Ну ладно, бывай! А мне собираться надо – завтра с Николаем на охоту наладились.
Тим и все-все-все
Много лет назад я регулярно чатился на одном из российских сайтов. Контингент там был разнообразный, общение шло весело. В то время аватарок ещё не было, поэтому личность чатланина скрывалась только лишь за ником. Короткое такое слово. И вот однажды мне пришла в голову идея – а почему бы не написать про каждый ник маленький рассказ? Ну и написал.
Тим
С утра Тим был не в духе. Не успел он умыться, как дверной звонок обзывалисто зазвенел:
– Тим-м-м-м…
Это пришла соседка, позвонить. Едва она стала набирать номер, телефон, словно сговорившись с дверным звонком, стал трещать:
– Тим, Тим, Тим…
– Ну это уже слишком, – подумал Тим, и, захлопнув дверь ванной, пошел завтракать.
– Ти-и-и-и-и-им… – засвистел чайник, давая знать, что вода уже вскипела…
– Тим, Тим! – зачирикали воробьи, купаясь в луже, когда Тим проходил мимо.
– Тим-м-м-м-м! – звенел звонок трамвая.
– Тим! – сказал компьютер, включаясь.
– Тим! – ответил факс.
– Тим! – позвали из соседнего кабинета.
– Тим! – звякнула под ногами бутылка с пивом.
– Тим! – отвалилась с крыши сосулька.
– Тим! – открылась «Zippo».
– Тим! Тим! Тим! – доносилось отовсюду.
– А, может, не так уж и плохо, когда тебя все знают? – решил Тим и улыбнулся.
BlackMan
Блэкмэна с рождения тянуло к черному. То в грязь упадет, то кузбасслаком измажется, то у костра подкоптится.
А тут ещё бабушка чёрные джинсы подарила. А дедушка – чёрные ботинки. А рабочий коллектив скинулся и подарил рубашку цвета безлунной ночи. А когда обижают – на душе темным-темно.

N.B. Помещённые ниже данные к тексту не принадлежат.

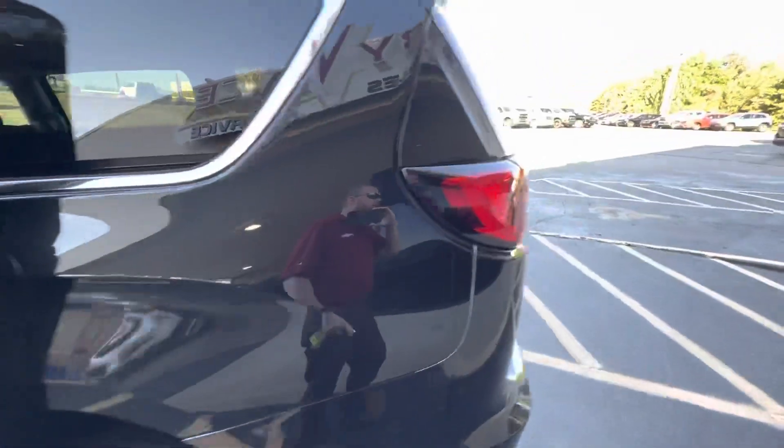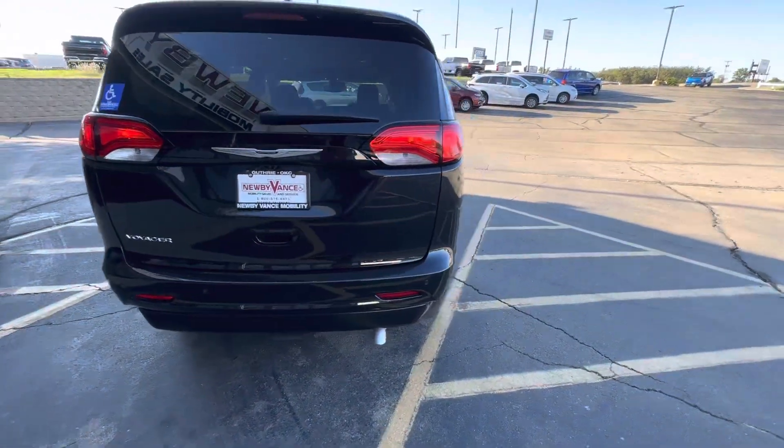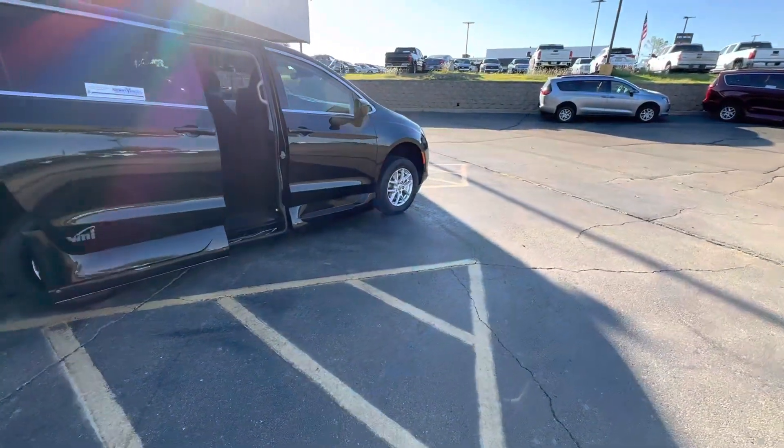This vehicle is currently located in Guthrie, but you definitely want to just check our availability. With a simple double click of your factory key fob, your door will open, the vehicle will begin to kneel, and your ramp will be deployed.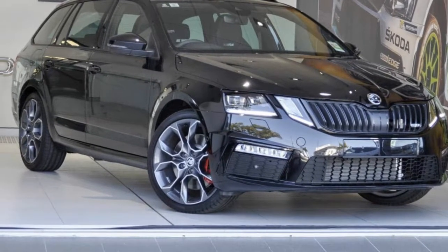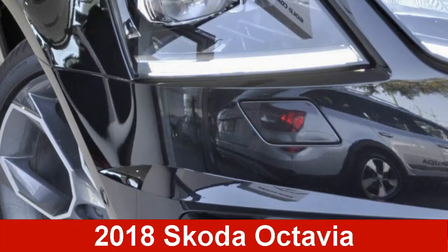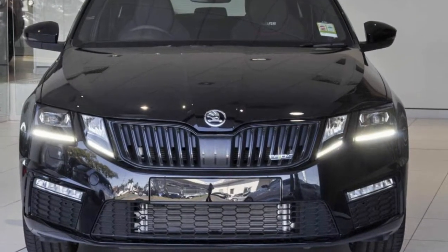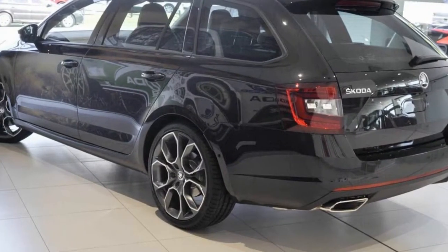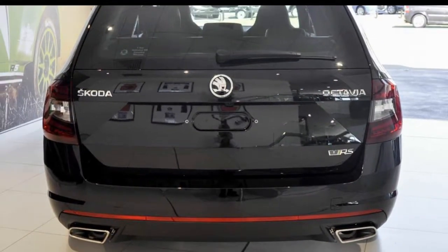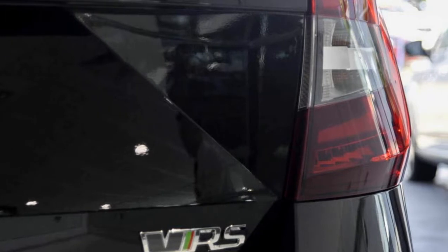Be the envy of your friends in this Skoda Octavia. This Octavia has an efficient 2.0-litre engine. The attractive black exterior is complemented by its stylish interior. This vehicle has all the features you could dream of, and more.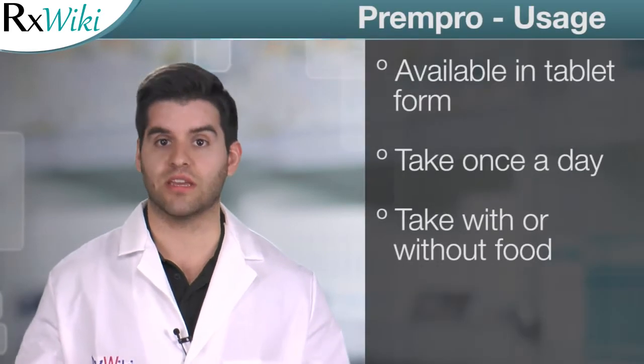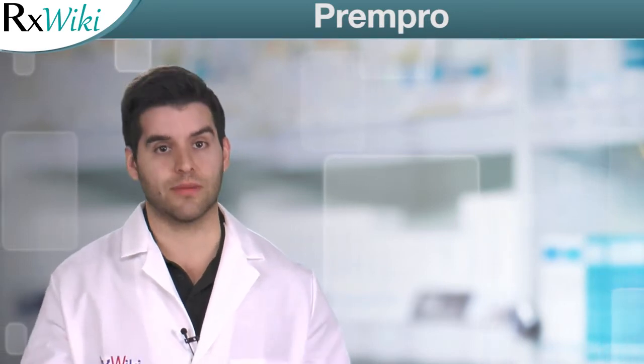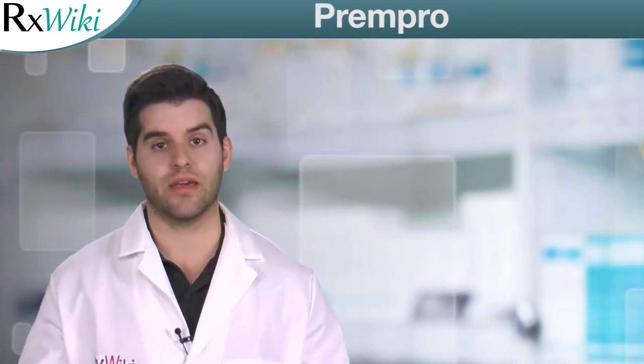This medication comes in tablet form and is taken once a day with or without food. Common side effects of conjugated estrogens and medroxyprogesterone include stomach pain, irregular vaginal bleeding, and headache.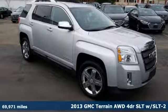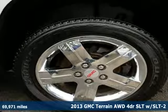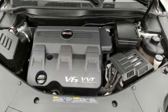With a little something for everyone, don't miss this 2013 GMC Terrain. It feels nimble inside and out with the maneuverability of a sedan, but with the capacity of an SUV.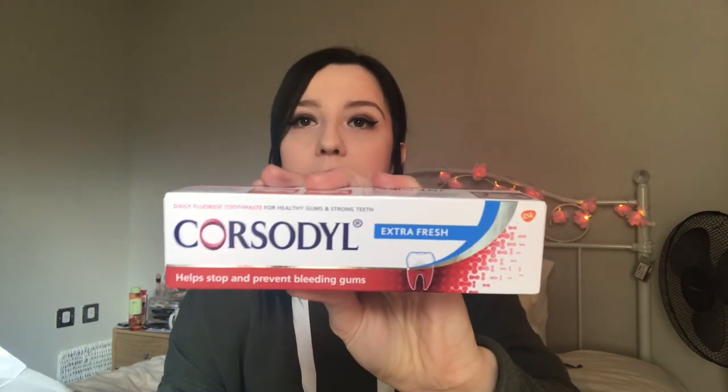The next thing is a bit boring — Corsodyl Extra Fresh Toothpaste. I am currently obsessed with teeth hygiene. I'm super paranoid that I have bad breath — maybe that's too much information, but we're keeping it real. I don't know why, I just always feel like I have bad breath. I wanted to try this because I saw it on TV.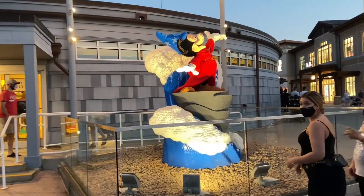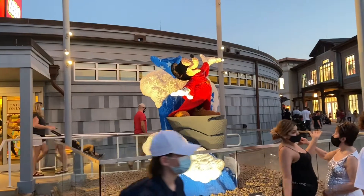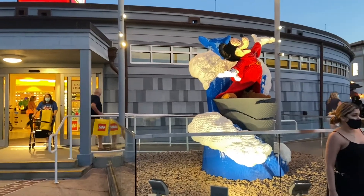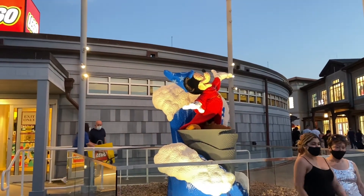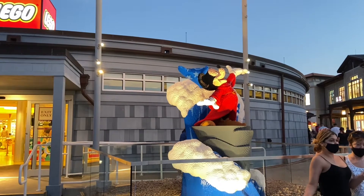The Lego display here at the Lego Store is Sorcerer Mickey from Fantasia. It is quite the neat display. What do you think, Lil? It is super cool. Yes, I am a big fan. Sorcerer Mickey is definitely my favorite version of Mickey's. I like it a lot.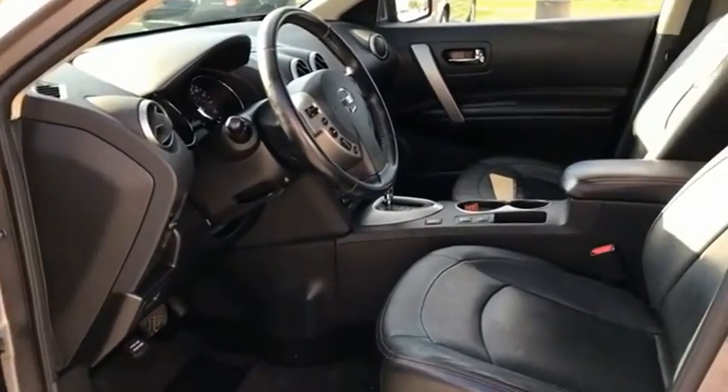Take this vehicle for a spin and see why so many shoppers are now proud owners.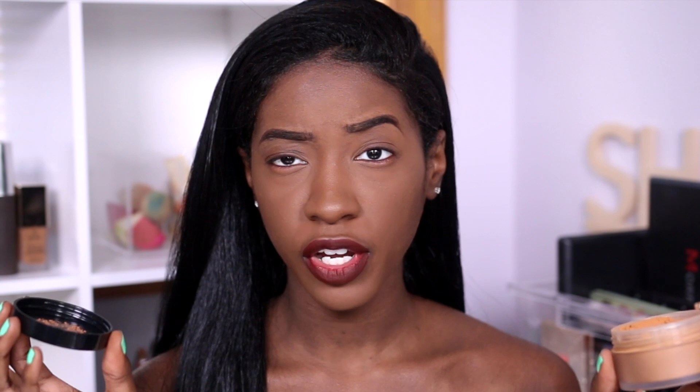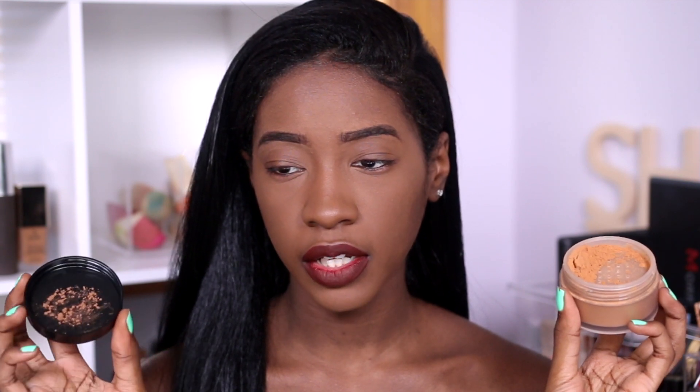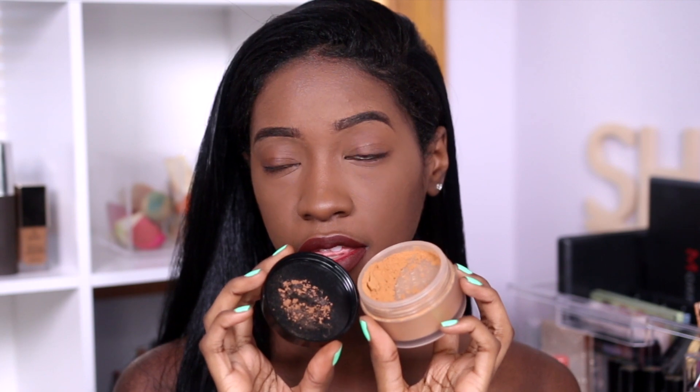Those are some big claims, Lancôme, but if you can back it up — it sounds a little better than the Laura powder description. The Lancôme powder will be on this side of my face and the Laura powder will be on this side. Before I put them on, I just want to show you the actual colors: here is the Laura powder and here is the Lancôme powder. The Lancôme powder is darker than the Laura powder.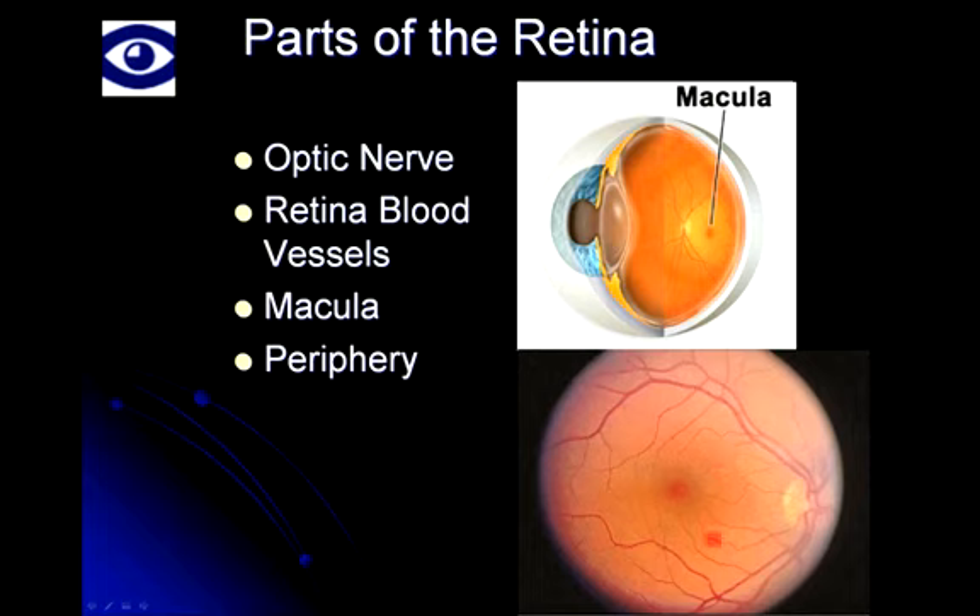The macula is the part of the retina responsible for central vision. If you're looking at fine print on a pharmacy bottle or newspaper, that's the part you're using to see fine detail, recognize faces, and see things in your central vision. The other parts of the retina in the periphery are responsible for peripheral vision — if you're in a car and someone pulls up alongside you, that's the part you use. In PXE, changes primarily occur in the macula, and these changes are responsible for a lot of vision loss in PXE.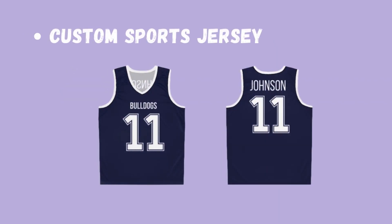Here is the final mock-up of the custom sports jersey. As you see, you have the team name and the number on the front, and then the last name and the number on the back.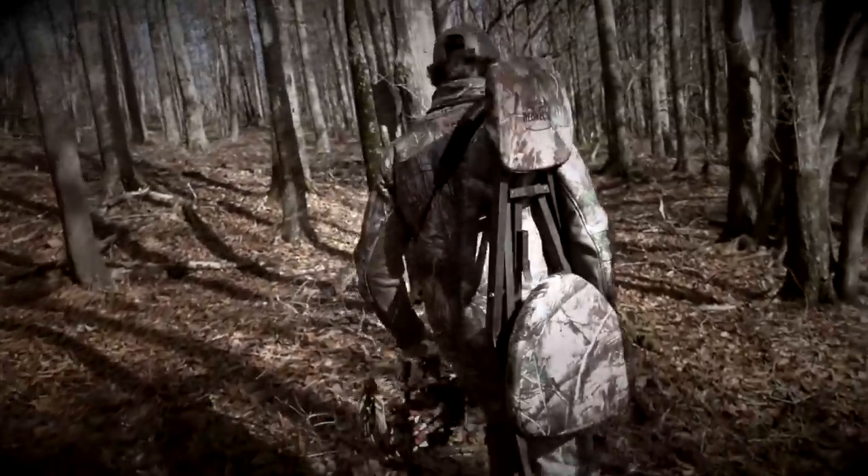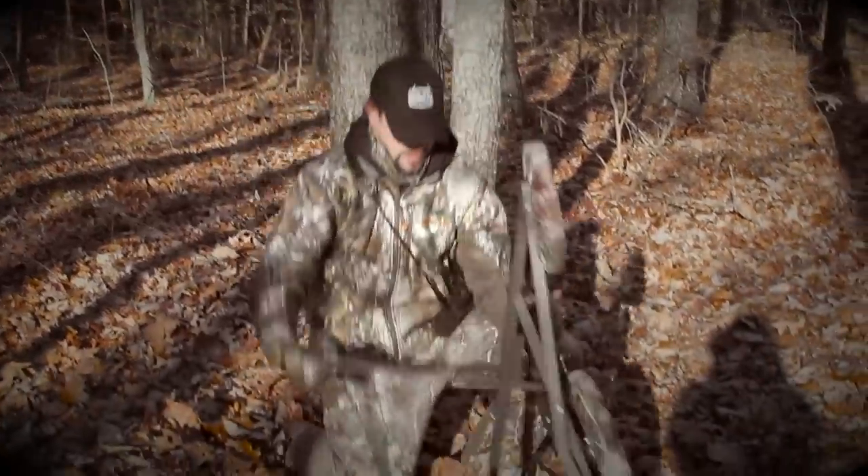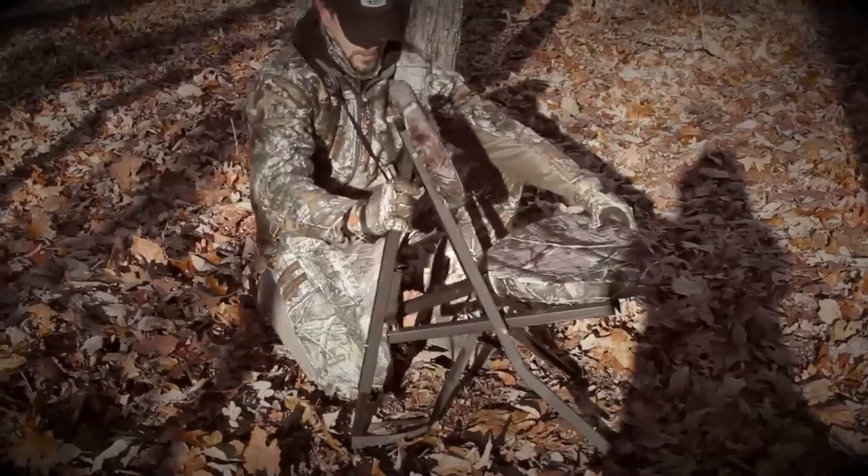Each fall, I spend countless hours chasing big bucks across this country. When hunting out of a box blind, I rely on a chair that will function flawlessly. The Redneck Portable Hunting Chair can easily be set up in seconds with no noise.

Только тёмное пиво и помогает.
– Видно, быть мне Блэкмэном, – подумал BlackMan.
Так и подписался в очередном письме – BlackMan.
Веса
Веса долго подбирал свое прозвище. Пробовал и «Вега» и «Sega», а от «SegaMegaDrive2» сразу отказался. Уж слишком оно длинное. «SonyPlaystation» тоже не понравилось – звук и видео хорошие, а пластики нет.
Пробовал «Балтикой» успокоится, но у нас её спиртом разбавляют. Да и не поймешь сразу – то ли вода, то ли пиво.
Долго Веса маялся, пока не зашел в одну компьютерную фирму. Взял прайс и…
– Ура! – обрадовался Веса. – «Vesa»! Вот самое подходящее прозвище!
С тех пор так и пишет: «Веса». А иногда, при хорошем настроении, букву «н» добавляет. Очень весна ему по душе.